In this exercise, you will implement regularized logistic regression to predict whether microchips from a fabrication plant passes quality assurance. Suppose that you have the test results for some microchips on two tests. From these two tests, you would like to determine whether the microchips should be accepted or rejected. To help you make the decision, you have a dataset of test results on past microchips, from which you can build a logistic regression model.

In [8]:
# Load the dataset
data = np.loadtxt("data/logistic_regression/microchip.txt", delimiter = ",")
X = data[:, :-1]
y = data[:, -1]

In [9]:
# Auxiliary functions
def sigmoid(x):
    return 1/(1 + np.exp(-x))

def mapFeature(X1, X2):
    degree = 6
    out = np.ones((len(X1),1))
    for i in range(1,degree+1):
        for j in range(0,i+1):
            prod = (X1**(i-j))*(X2**j)
            out = np.append(out, prod.reshape(-1,1), axis=1)
    return out

def plotDecisionBoundary(model):
    x1s = np.linspace(-1.,1.,50)
    x2s = np.linspace(-1.,1.,50)
    xs, ys = np.meshgrid(x1s, x2s, indexing='ij')
    zs = np.zeros((len(x1s),len(x2s)))
    Xs_ = np.zeros((len(x1s), len(x2s), 28))
    for i in range(len(xs)):
        Xs_[i,:,:] = mapFeature(xs[i,:], ys[i,:])
        zs[i,:] = (Xs_[i,:,:] @ model.weights).ravel()

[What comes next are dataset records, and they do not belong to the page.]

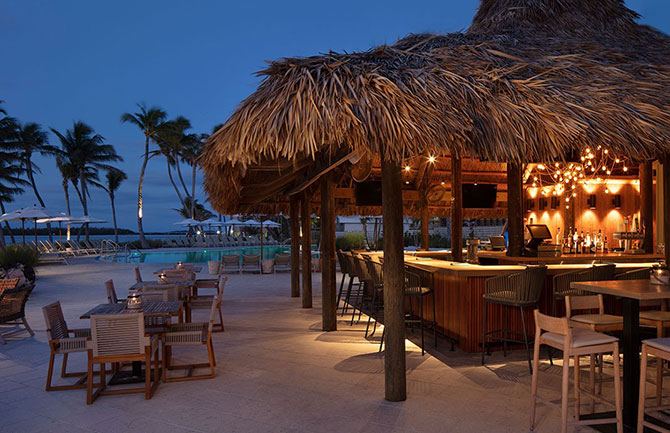 Palm shaded poolside Tiki Bar at Amara Cay Resort with the ocean beyond in Islamorada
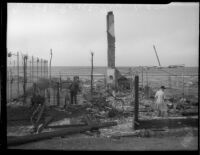 Remnants of destroyed home on Malibu beach after a fire, circa October 1935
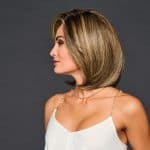 Side view of a woman with a sleek blonde bob wig and natural makeup.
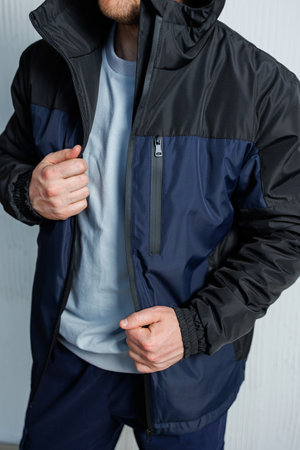 A man is seen wearing a stylish black and blue jacket that features a convenient hood, perfect for various outdoor activitiesの写真素材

    plt.contour(xs, ys, zs, [0.])
    plt.scatter(X[:,0], X[:,1], c=y)
    plt.show()

In [10]:
# Extend the features of the dataset up to sixth powers
X_ = mapFeature(X[:,0], X[:,1])
num_features = X_.shape[1]

# Split the dataset (0.8-0.1-0.1)
X_train = X_[:94,:]
y_train = y[:94]
X_val = X_[94:106,:]
y_val = y[94:106]
X_test = X_[106:,:]
y_test = y[106:]

y_train = y_train.reshape(-1,1)
y_val = y_val.reshape(-1,1)
y_test = y_test.reshape(-1,1)

1. Plot the dataset.

2. Implement the _LogisticRegression_ class with Tikhonov regularization. Add a method called `accuracy` that computes the prediction accuracy on a given dataset.

3. Train a Logistic Regression model on the training set for 10000 epochs with `reg_param = 0.` and `learning_rate = 10.` and evaluate its accuracy on the training, validation and test sets.

4. Plot the cost (training) vs epochs and the decision boundary (use the auxiliary function defined above).

5. Perform a grid search to find the "best" regularization parameter in the interval (0.,2.), while keeping fixed the learning rate and the number of epochs. Re-train the model using the best value and the training+validation set.

6. Plot the decision boundary of the fitted model and evaluate the accuracy on the test set.